== Data records
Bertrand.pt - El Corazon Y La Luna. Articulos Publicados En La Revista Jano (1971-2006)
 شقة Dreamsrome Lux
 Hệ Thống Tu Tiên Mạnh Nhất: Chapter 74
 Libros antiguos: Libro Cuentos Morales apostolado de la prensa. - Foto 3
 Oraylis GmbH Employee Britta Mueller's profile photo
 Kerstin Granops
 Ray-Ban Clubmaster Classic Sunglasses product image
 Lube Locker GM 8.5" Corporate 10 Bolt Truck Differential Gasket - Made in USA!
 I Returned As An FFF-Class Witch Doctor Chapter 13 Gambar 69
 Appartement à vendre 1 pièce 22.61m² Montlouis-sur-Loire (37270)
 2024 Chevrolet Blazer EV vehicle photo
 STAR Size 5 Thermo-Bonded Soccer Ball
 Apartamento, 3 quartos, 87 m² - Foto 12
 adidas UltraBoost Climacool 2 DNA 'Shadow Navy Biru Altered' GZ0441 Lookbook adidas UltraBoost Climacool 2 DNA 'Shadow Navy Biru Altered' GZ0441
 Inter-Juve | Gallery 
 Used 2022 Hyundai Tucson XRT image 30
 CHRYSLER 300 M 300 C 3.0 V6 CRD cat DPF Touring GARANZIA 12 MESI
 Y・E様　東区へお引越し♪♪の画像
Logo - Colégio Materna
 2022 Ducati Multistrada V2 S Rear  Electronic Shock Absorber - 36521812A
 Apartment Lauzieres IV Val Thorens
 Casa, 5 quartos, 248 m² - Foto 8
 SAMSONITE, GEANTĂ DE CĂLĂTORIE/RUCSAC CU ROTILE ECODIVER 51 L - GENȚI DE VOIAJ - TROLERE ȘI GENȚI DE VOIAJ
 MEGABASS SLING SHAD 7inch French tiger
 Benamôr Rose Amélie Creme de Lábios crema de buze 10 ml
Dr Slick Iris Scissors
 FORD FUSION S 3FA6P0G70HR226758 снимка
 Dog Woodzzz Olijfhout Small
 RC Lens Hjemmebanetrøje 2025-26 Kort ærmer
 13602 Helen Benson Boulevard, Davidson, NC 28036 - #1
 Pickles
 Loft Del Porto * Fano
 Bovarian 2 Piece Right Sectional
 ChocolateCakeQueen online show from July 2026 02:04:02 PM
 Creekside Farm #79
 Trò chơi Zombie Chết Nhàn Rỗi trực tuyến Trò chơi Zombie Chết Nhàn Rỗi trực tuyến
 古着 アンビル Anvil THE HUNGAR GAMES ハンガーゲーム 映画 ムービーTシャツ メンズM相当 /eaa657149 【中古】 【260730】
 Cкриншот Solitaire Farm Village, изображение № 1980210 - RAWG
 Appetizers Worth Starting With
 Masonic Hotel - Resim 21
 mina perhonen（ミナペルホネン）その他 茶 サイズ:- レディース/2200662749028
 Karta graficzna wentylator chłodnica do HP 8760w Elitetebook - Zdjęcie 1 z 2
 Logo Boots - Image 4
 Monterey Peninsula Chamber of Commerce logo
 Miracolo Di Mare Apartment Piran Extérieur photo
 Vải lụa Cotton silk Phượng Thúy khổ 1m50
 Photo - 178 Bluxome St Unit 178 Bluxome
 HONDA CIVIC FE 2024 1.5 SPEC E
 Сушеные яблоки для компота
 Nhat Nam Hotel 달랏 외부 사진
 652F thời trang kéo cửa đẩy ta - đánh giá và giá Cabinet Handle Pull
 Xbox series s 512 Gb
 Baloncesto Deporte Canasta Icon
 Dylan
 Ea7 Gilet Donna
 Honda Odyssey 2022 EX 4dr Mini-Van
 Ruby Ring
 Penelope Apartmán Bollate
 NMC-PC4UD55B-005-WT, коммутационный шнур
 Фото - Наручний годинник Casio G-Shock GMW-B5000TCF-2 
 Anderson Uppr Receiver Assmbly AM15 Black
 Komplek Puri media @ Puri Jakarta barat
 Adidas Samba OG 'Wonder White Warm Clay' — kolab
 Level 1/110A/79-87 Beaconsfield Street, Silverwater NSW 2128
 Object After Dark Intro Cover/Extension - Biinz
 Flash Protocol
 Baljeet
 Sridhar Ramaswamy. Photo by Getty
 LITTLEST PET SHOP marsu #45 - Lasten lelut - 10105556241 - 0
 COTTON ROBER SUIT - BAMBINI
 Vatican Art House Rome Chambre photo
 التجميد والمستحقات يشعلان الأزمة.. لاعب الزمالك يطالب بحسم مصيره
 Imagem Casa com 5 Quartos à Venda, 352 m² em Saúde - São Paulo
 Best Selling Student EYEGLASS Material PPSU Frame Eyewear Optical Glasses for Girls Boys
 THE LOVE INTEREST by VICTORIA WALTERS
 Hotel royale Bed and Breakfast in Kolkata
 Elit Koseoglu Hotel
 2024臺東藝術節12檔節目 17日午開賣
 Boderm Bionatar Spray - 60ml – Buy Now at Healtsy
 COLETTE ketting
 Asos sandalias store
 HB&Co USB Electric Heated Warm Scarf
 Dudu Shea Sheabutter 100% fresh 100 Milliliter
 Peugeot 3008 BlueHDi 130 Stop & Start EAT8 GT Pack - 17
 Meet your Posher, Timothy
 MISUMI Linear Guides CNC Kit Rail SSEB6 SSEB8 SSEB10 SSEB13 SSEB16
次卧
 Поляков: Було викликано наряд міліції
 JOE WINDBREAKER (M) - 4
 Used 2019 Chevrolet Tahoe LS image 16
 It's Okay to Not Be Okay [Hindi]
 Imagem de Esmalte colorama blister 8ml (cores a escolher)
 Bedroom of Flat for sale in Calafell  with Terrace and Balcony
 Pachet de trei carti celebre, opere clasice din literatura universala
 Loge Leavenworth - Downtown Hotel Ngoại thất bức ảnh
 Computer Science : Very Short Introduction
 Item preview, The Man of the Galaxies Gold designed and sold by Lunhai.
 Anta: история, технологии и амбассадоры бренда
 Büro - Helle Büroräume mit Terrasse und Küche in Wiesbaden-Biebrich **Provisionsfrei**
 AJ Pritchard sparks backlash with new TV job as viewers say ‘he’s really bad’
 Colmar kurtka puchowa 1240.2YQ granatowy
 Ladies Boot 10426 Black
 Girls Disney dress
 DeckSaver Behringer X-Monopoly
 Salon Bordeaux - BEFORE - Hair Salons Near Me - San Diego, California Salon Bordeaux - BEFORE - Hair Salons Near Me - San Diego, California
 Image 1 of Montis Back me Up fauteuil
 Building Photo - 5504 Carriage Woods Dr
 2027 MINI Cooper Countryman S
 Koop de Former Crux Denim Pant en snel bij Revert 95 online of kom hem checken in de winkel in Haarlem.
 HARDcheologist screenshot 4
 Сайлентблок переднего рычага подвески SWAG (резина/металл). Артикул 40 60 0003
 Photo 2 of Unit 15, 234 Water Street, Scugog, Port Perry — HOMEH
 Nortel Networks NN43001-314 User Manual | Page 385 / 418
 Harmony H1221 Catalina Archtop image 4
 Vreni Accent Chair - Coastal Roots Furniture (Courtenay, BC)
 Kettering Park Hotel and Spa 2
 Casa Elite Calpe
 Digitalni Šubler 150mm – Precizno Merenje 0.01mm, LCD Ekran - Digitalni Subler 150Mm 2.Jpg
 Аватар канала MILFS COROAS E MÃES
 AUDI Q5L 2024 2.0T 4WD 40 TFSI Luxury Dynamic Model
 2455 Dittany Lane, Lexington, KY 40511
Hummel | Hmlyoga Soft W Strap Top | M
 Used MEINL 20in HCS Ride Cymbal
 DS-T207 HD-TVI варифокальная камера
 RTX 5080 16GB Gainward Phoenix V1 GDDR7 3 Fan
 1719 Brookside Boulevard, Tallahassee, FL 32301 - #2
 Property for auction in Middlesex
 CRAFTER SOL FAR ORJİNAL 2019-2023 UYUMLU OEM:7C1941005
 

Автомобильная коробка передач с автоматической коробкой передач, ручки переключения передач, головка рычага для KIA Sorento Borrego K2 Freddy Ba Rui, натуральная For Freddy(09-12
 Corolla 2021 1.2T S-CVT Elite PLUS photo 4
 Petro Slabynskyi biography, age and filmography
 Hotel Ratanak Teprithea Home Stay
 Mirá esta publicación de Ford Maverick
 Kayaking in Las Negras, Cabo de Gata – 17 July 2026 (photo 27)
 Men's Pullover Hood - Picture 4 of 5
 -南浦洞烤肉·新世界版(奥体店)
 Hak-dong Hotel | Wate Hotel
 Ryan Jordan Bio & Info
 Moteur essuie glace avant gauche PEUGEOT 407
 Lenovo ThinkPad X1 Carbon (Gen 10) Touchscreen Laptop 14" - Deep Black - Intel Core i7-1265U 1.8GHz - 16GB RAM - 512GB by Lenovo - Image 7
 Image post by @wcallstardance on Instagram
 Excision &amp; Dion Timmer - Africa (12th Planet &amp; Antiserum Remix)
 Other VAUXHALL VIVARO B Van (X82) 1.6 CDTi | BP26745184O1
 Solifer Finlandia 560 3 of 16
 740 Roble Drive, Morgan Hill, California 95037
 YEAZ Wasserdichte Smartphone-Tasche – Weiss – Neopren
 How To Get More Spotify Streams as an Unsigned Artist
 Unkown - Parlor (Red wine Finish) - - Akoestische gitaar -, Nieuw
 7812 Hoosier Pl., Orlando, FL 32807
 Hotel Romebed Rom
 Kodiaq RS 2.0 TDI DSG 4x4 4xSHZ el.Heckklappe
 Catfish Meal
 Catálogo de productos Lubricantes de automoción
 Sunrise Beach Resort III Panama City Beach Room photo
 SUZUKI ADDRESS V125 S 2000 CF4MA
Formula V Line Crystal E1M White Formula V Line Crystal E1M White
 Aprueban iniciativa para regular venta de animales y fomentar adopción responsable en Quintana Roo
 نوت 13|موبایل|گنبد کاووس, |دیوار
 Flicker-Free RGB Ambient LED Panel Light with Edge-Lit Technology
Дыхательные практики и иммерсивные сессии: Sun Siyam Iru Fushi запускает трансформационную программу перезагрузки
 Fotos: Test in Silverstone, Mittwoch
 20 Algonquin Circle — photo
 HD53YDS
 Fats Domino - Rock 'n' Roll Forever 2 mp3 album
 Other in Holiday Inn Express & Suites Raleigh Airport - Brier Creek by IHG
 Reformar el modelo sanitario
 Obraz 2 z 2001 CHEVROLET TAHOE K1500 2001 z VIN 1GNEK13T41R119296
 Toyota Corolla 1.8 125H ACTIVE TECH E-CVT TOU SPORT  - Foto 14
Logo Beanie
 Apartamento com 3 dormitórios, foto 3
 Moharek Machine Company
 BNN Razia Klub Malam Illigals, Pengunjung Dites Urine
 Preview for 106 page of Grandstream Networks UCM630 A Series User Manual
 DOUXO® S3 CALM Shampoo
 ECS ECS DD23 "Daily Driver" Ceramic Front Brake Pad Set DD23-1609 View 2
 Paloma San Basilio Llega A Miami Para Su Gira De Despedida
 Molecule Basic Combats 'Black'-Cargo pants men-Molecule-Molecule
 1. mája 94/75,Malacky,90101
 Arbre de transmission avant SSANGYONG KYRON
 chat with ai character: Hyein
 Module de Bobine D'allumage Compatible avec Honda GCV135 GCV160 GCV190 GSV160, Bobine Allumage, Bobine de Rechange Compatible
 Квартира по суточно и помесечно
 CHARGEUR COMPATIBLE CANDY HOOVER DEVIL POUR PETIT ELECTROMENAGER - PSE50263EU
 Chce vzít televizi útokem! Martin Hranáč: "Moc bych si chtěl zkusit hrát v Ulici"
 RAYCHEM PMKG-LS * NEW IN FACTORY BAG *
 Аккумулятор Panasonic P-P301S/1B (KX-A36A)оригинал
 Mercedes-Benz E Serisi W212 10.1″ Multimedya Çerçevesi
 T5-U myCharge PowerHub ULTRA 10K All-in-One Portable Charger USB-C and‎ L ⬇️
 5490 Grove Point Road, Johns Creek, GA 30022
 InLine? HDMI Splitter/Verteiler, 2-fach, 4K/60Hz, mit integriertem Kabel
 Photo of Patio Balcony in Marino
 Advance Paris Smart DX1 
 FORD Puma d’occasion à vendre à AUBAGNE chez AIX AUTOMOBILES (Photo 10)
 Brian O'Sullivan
====
**Your instructions**
Collect each line of the entries that has the word "Hotel", copying it in full.

**Output of the task**
 Masonic Hotel - Resim 21
 Nhat Nam Hotel 달랏 외부 사진
 Hotel royale Bed and Breakfast in Kolkata
 Elit Koseoglu Hotel
 Loge Leavenworth - Downtown Hotel Ngoại thất bức ảnh
 Kettering Park Hotel and Spa 2
 Hotel Ratanak Teprithea Home Stay
 Hak-dong Hotel | Wate Hotel
 Hotel Romebed Rom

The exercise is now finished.